**What you are asked to do:**
Everything in the records below must be repeated exactly, except the pictures.
━━━━━━━━━━
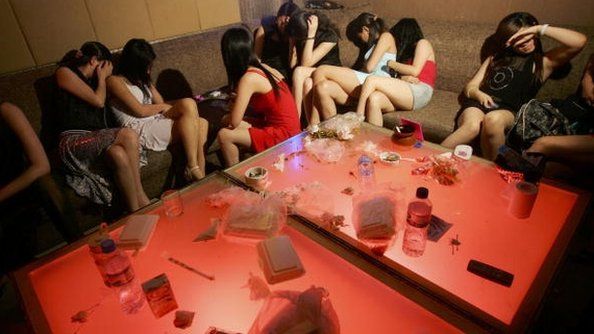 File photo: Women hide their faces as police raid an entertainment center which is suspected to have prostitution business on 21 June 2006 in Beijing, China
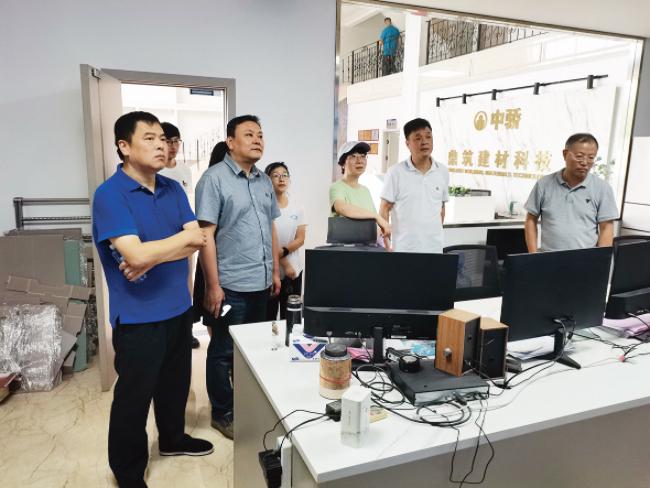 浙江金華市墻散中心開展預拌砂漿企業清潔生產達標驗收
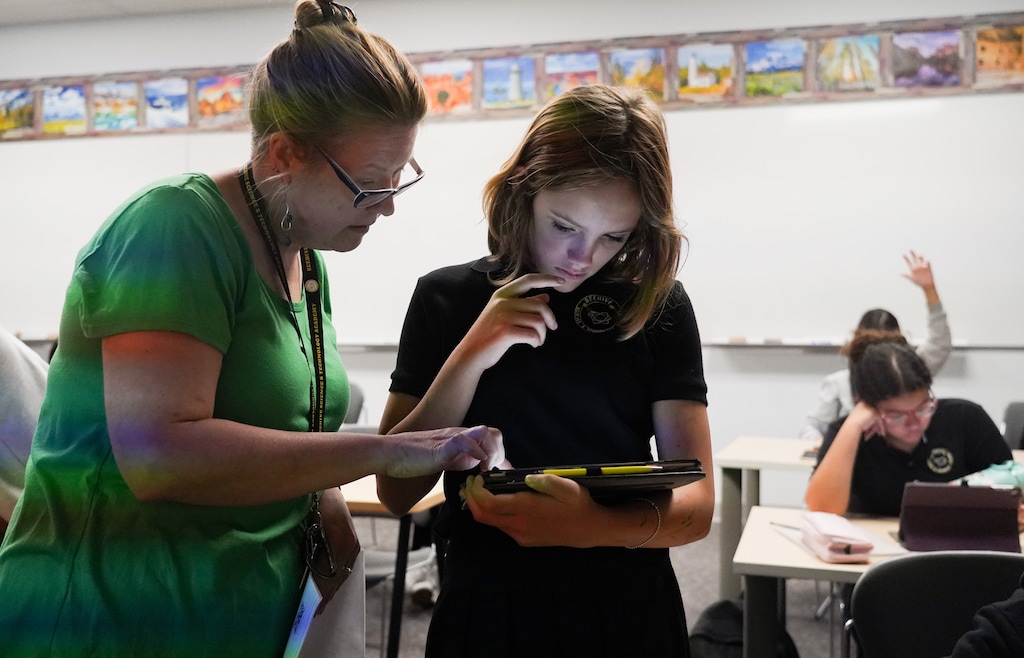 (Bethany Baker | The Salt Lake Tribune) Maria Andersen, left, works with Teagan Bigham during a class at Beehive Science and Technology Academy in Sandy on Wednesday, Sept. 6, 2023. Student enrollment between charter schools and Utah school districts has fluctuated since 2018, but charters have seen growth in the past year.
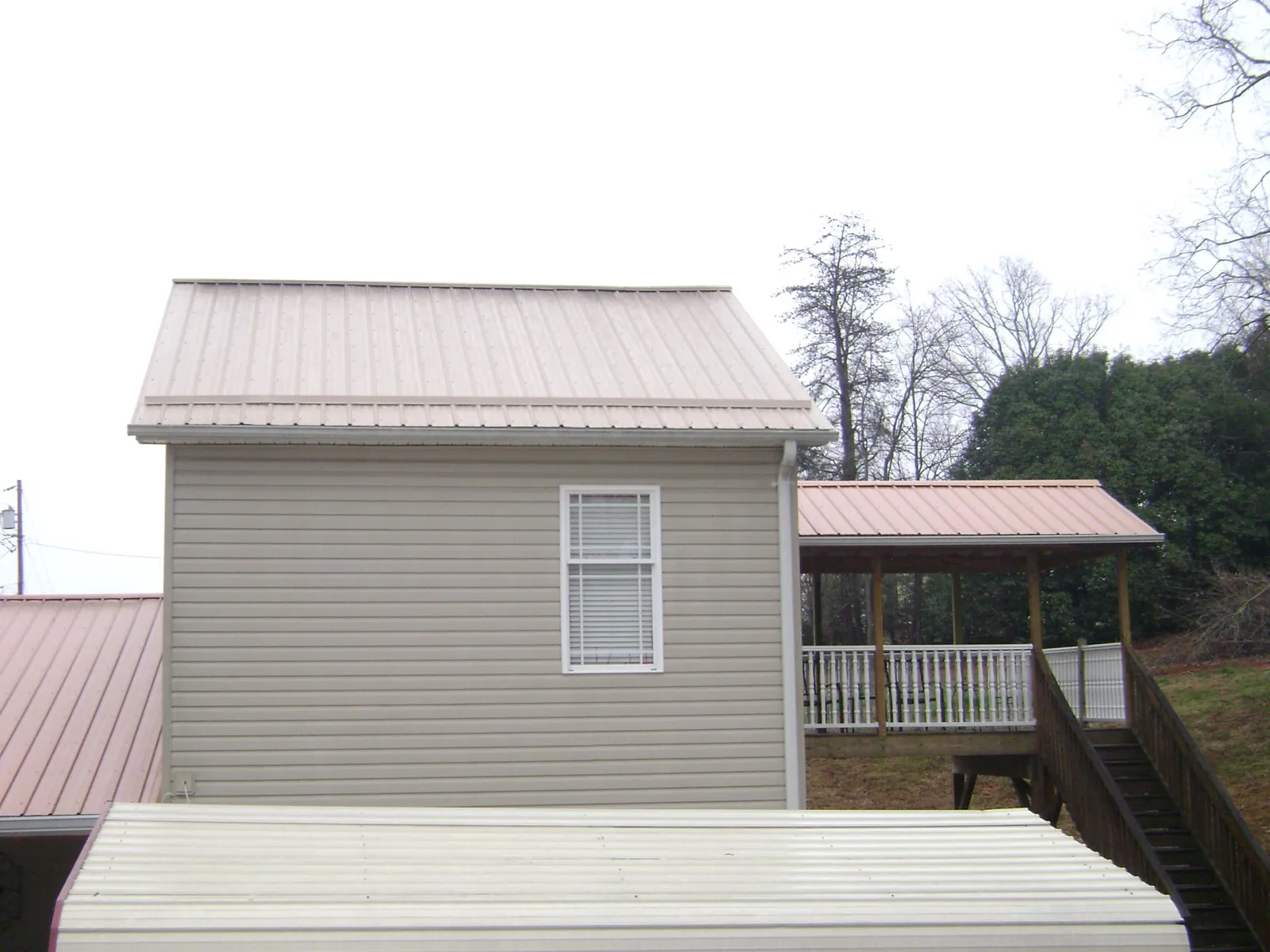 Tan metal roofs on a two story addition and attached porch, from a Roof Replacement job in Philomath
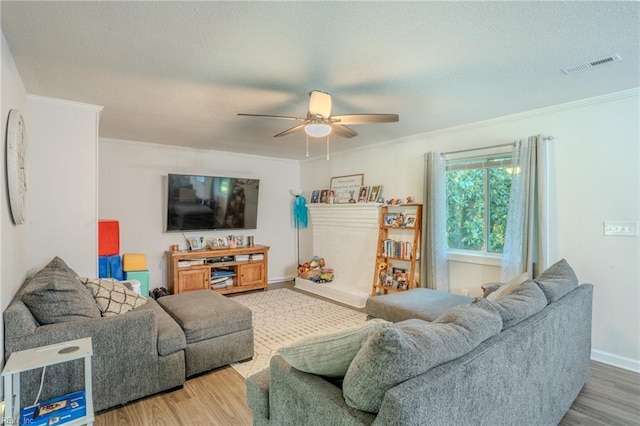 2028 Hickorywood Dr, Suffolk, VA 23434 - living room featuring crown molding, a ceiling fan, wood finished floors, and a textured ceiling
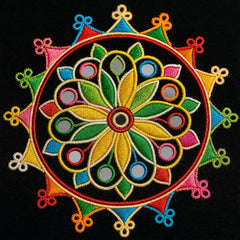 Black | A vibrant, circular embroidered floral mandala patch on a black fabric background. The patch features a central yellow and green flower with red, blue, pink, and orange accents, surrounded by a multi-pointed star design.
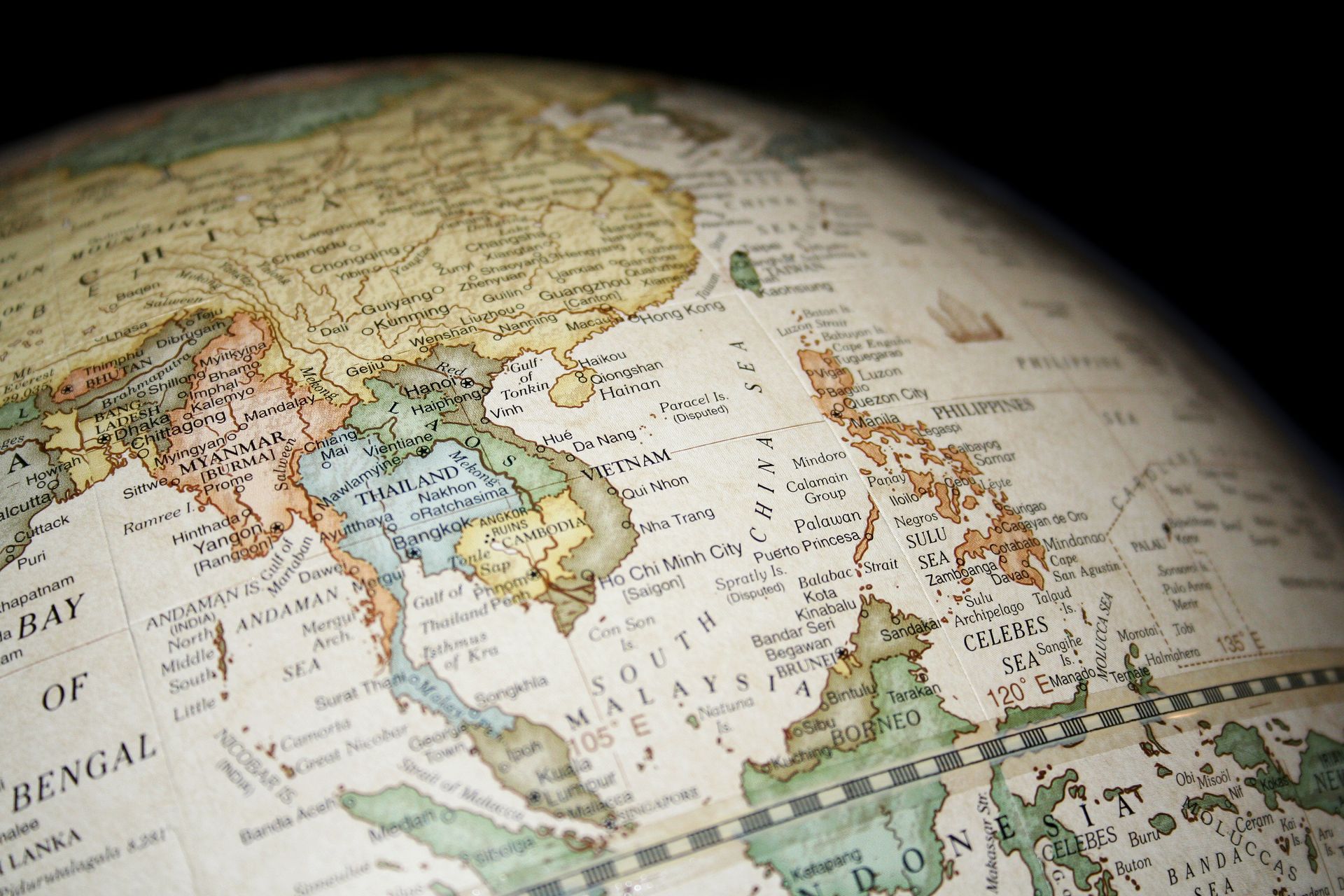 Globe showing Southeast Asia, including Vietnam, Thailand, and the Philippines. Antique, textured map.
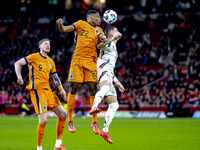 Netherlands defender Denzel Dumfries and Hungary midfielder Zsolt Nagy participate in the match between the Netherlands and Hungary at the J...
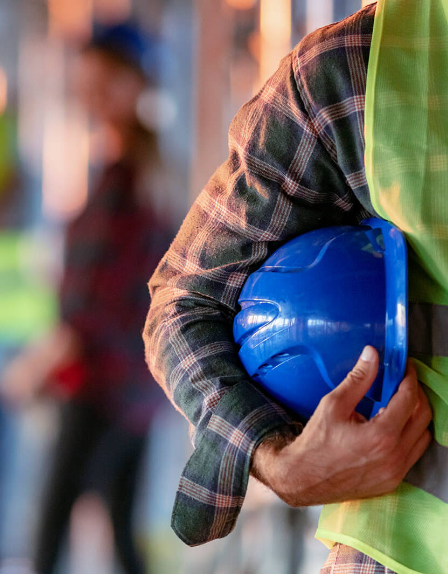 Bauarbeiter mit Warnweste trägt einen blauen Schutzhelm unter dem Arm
━━━━━━━━━━
**Result:**
 File photo: Women hide their faces as police raid an entertainment center which is suspected to have prostitution business on 21 June 2006 in Beijing, China
 浙江金華市墻散中心開展預拌砂漿企業清潔生產達標驗收
 (Bethany Baker | The Salt Lake Tribune) Maria Andersen, left, works with Teagan Bigham during a class at Beehive Science and Technology Academy in Sandy on Wednesday, Sept. 6, 2023. Student enrollment between charter schools and Utah school districts has fluctuated since 2018, but charters have seen growth in the past year.
 Tan metal roofs on a two story addition and attached porch, from a Roof Replacement job in Philomath
 2028 Hickorywood Dr, Suffolk, VA 23434 - living room featuring crown molding, a ceiling fan, wood finished floors, and a textured ceiling
 Black | A vibrant, circular embroidered floral mandala patch on a black fabric background. The patch features a central yellow and green flower with red, blue, pink, and orange accents, surrounded by a multi-pointed star design.
 Globe showing Southeast Asia, including Vietnam, Thailand, and the Philippines. Antique, textured map.
 Netherlands defender Denzel Dumfries and Hungary midfielder Zsolt Nagy participate in the match between the Netherlands and Hungary at the J...
 Bauarbeiter mit Warnweste trägt einen blauen Schutzhelm unter dem Arm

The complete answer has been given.